Meselenin sosyolojik boyutuna bakınca; kürtaj konusunun niçin ortaya atıldığı sorusu da aydınlığa kavuşuyor aslında. “En az üç çocuk” propagandalarıyla halkın içine düşürülen “yaşlanan nüfus”  vesvesesi, kürtaj tartışmalarıyla da beslenip büyütüldü.

Bir süre önce Almanya’da yeni kurulan bir Türk partisinin toplantısına katılmıştım. Partinin amaçları sıralandığında yaşadığım şaşkınlık, toplantının sonuna doğru yerini umutsuzluğa terketmişti. Partililer listenin birinci sırasına “Demografische Wandel (Yaşlanan Nüfus)” problemini yerleştirmişlerdi. Almanya’nın yaşlanan nüfusu diğer Alman partilerini çok fazla ilgilendirmediği için, “Almanya’da genç nesiller filizlendirme görevi”ni bir Türk partisi olarak onlar üstlenmişti. Türk arkadaşların bu acayipliklerinin nedeni ise AKP’nin siyaset akademilerinde kazandıkları ultra üremeci vizyondu. Üretkenliği değil de üremeyi merkeze alan bir vizyon… Umutsuzluğumun nedenini anlamışsınızdır.

Almanya’da kurulan bir Türk partisi AKP’den aldığı akılla Avrupa’da siyaset yapmaya kalkışırsa ilk önce ne yapar? Almanya’daki varlığını Almanya’nın yaşlanan nüfusuna borçlu olan Türk, “yaşlanan nüfus” tantanası yaparak Almanlara “çoğalın ki bir daha Türkiye’den, şurdan burdan misafir işçi getirmek zorunda kalmayın” der.  Bunu derken de radikal sağcılarla aynı şeyi söylediğini farketmez.

“Yaşlanan nüfus” tüm dünyadaki muhafazakâr iktidarların ellerinden düşürmedikleri oy ağıdır aslında. Alman partilerinin bu meselenin üzerinde yeterince durmamalarının nedeni ise iki tarafı keskin bıçak görevi yapmasıdır. Bir taraftan sağcıların oyunu kazanır, diğer taraftan ülkedeki güçlü İsrail lobisinden gereken zılgıtı yersiniz. Zira nüfus yaygarasının altı ırkçı renklerle çizilmiştir.

Avrupa’nın ve Türkiye’nin nüfusu azalıyor olabilir ama dünyanın nüfus problemi yoktur.

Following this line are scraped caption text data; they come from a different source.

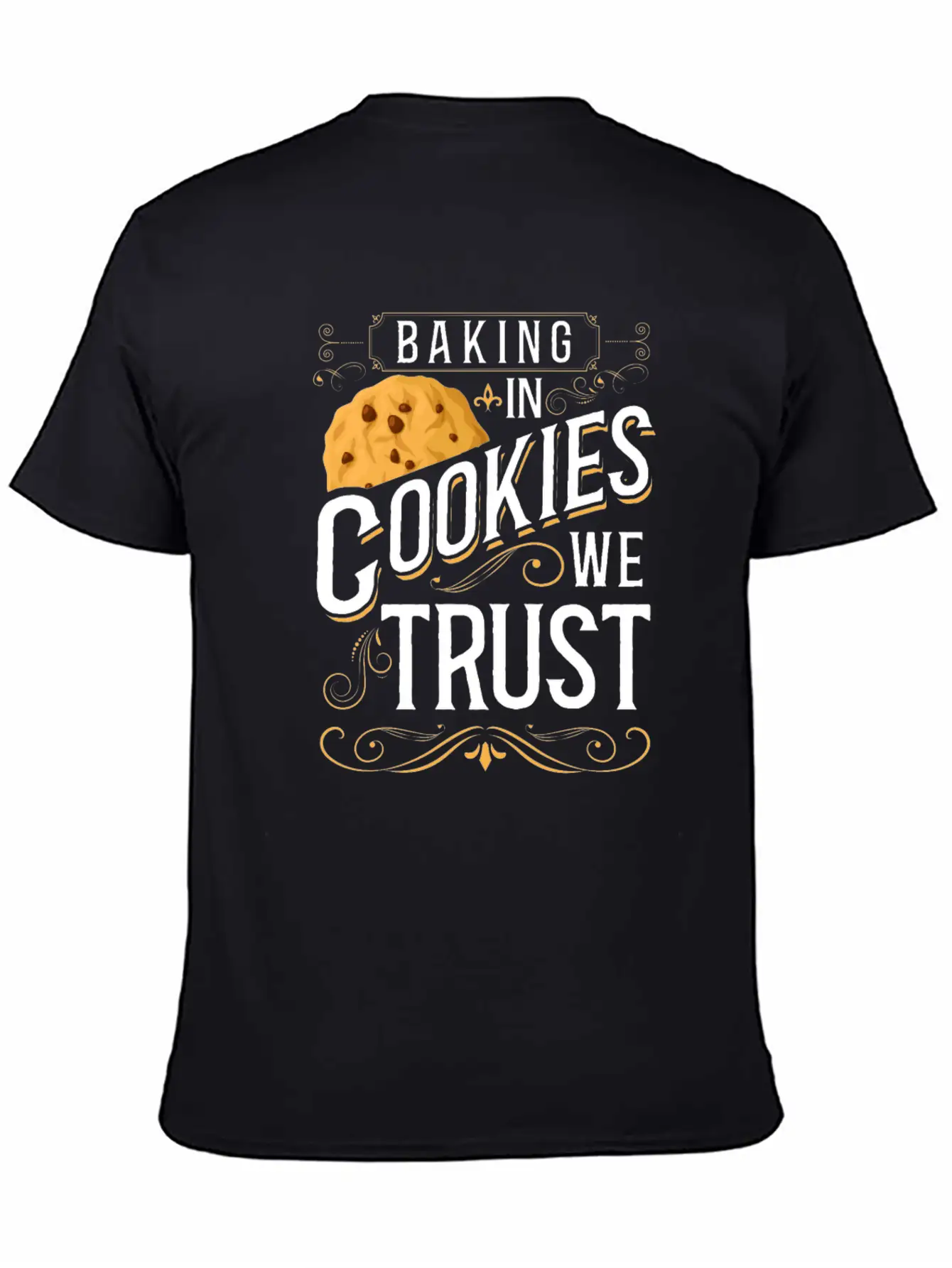Bake Baking Cookie In Cookies We Classic Fit Graphic Tee For Daily Comfort – Unisex Cotton Shirt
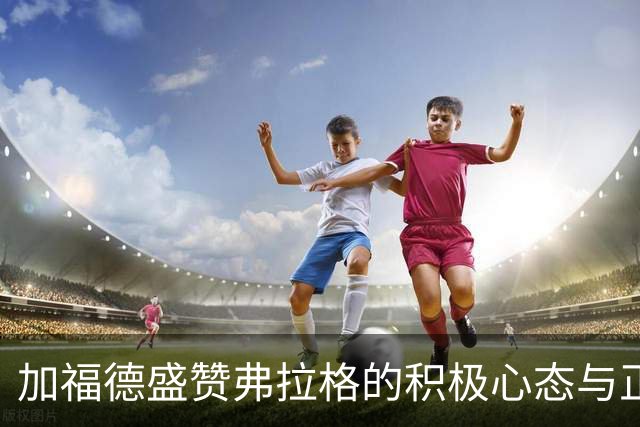 加福德盛赞弗拉格的积极心态与正能量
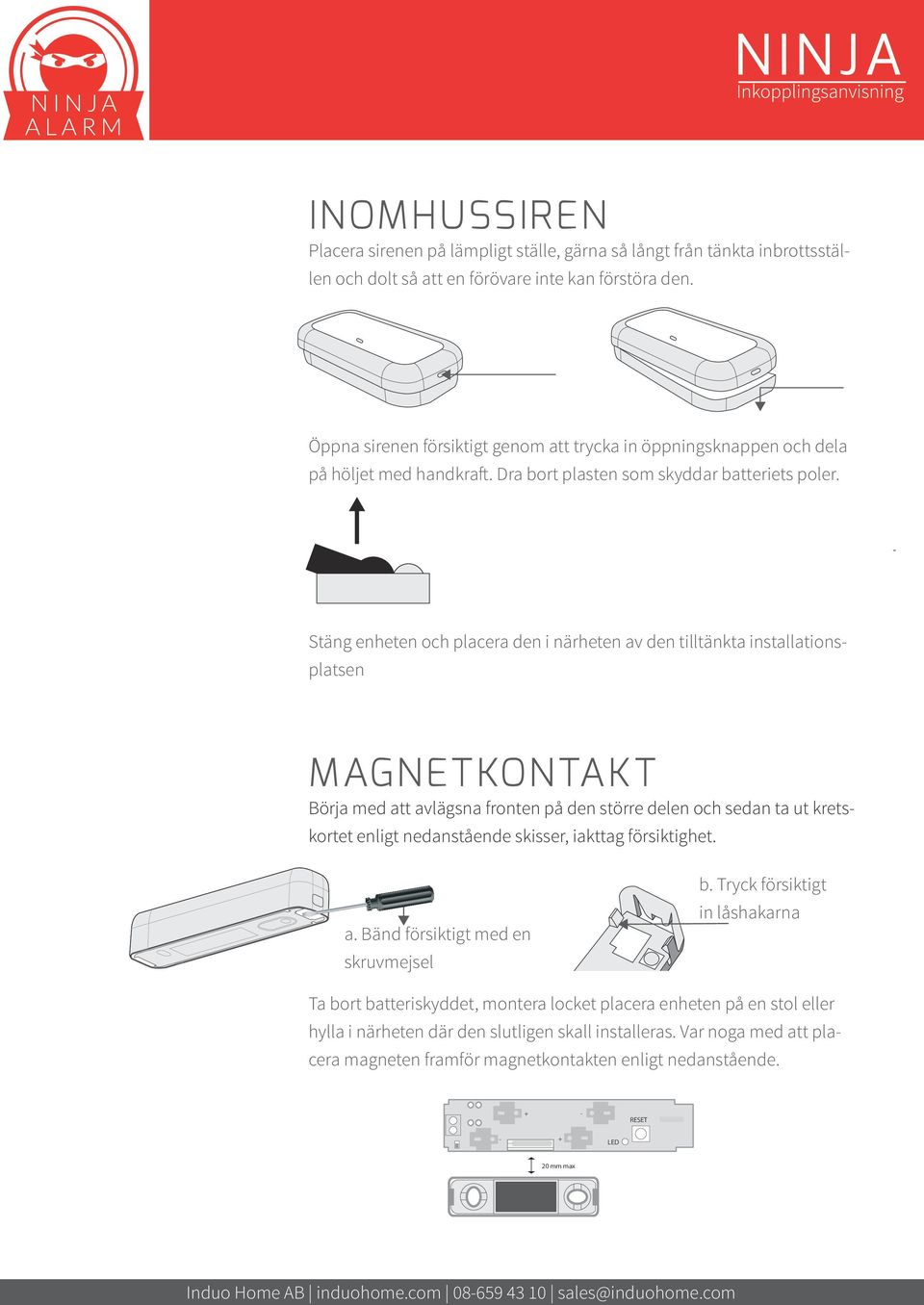 3 Stäng enheten och placera den i närheten av den tilltänkta installationsplatsen EN magnetkontakt Börja med att avlägsna fronten på den större delen och sedan ta ut kretskortet enligt nedanstående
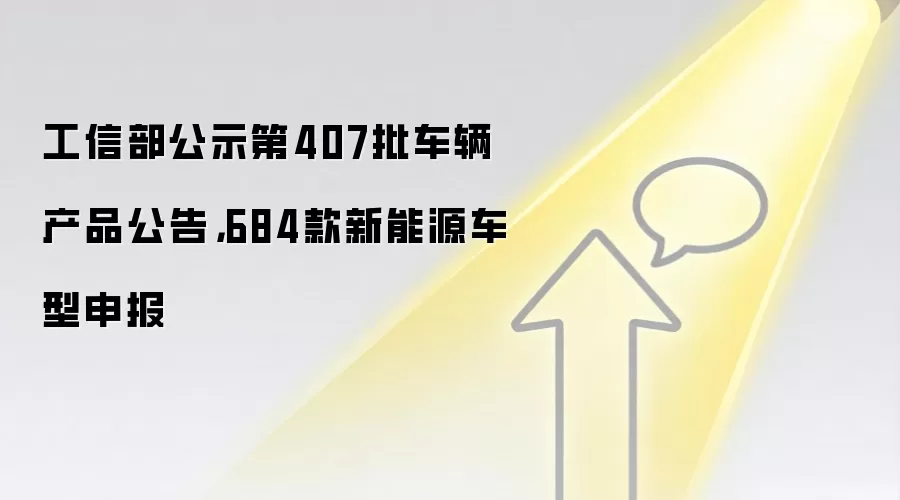 工信部公示第407批车辆产品公告,684款新能源车型申报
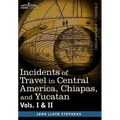 Incidents of Travel in Central America, Chiapas, and Yucatan, Vols. I and II - Hardcover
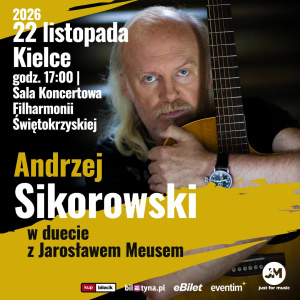 Andrzej Sikorowski w duecie z Jarosławem Meusem w Kielcach
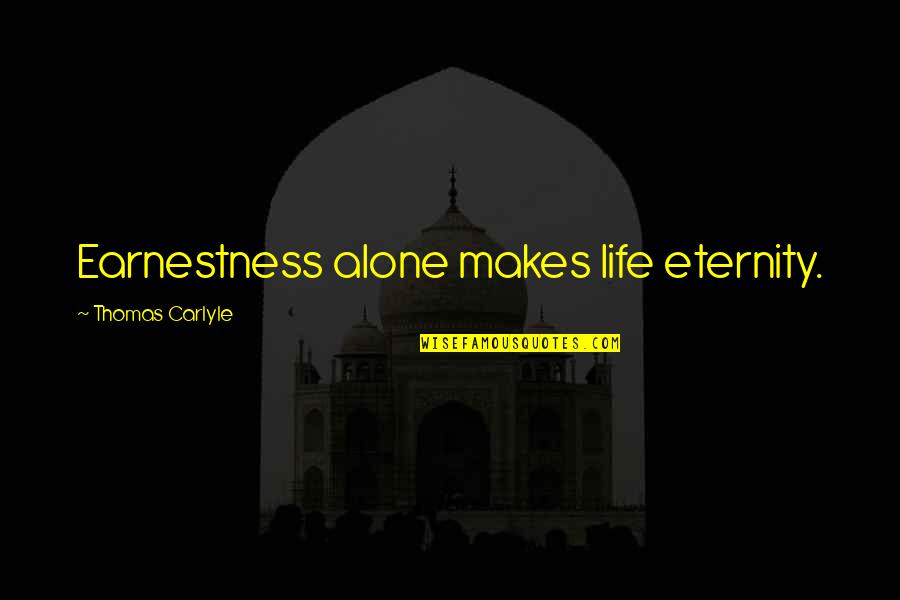 Thomas Carlyle Best Quotes By Thomas Carlyle: Earnestness alone makes life eternity.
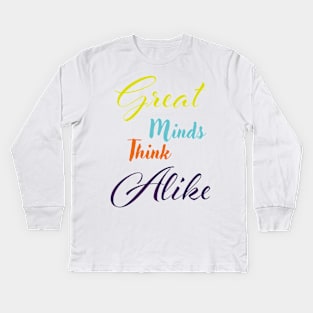 Great minds think alike Kids Long Sleeve T-Shirt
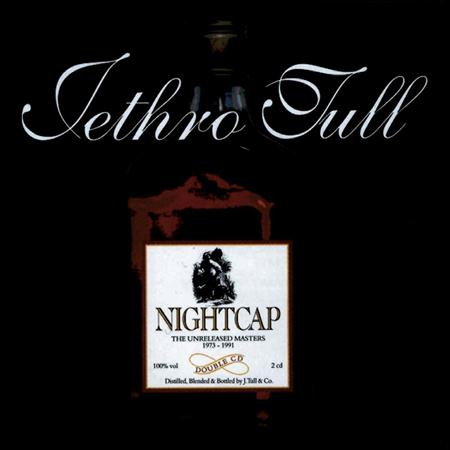 Jethro Tull - Nightcap The Unreleased Masters 1973–1991 - Zortam Music Jethro Tull - Nightcap The Unreleased Masters 1973–1991 - Zortam Music
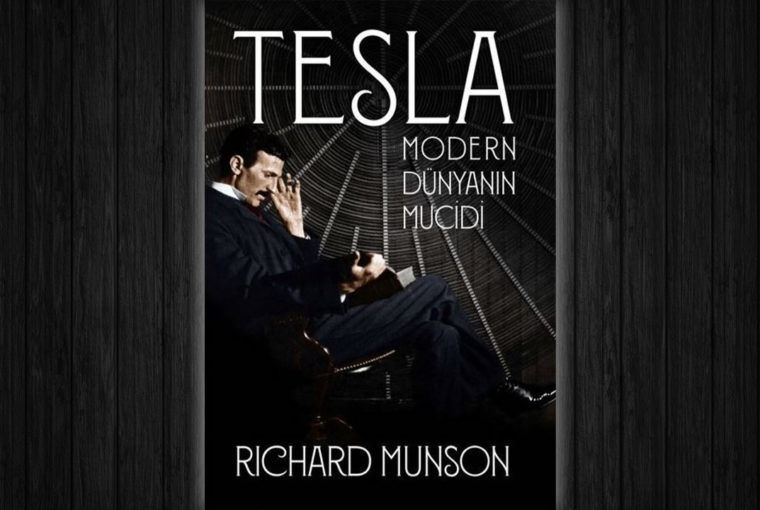 Tesla – Modern Dünyanın Mucidi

Gelişmiş veya gelişmekte olan ülkelerin nüfusu azalırken, az gelişmiş veya geri kalmış ülkelerde nüfus patlaması yaşanması ilahi bir mesajdır.  Allah, refah seviyesi yüksek ülkelere, mağdur ülkelerin halklarına –haklarını korumak ve kollamak sureti ile– kucaklarını açma çağrısında bulunmaktadır. Yaşlanan Avrupa’ya vatandaşlarını yollayarak o ülkelerdeki ekonomik ve sosyal canlılığı artırmakla övünen Türkiye’nin, kendi ekonomik ve sosyal canlılığını artırmak için benzer yolları aklına getirmek yerine kendi neslini çoğaltmanın derdine düşmesi nasıl izah edilir? Lider ülke olma hayalleri kuran neo-osmanlıcı kafa, Orta Doğu’da söz sahibi olmak için çırpınıp dururken, ucuz iş gücü göçü ile menfaatler sağlayan Avrupa ülkelerine bu alanda örnek olmayı neden düşünmez de nüfus telaşına düşer? Yoksa “…ucuz iş gücünün de yerlisi…” diyecek kadar faşizmde Hellenist Batı’yı dahi sollamış mıdır?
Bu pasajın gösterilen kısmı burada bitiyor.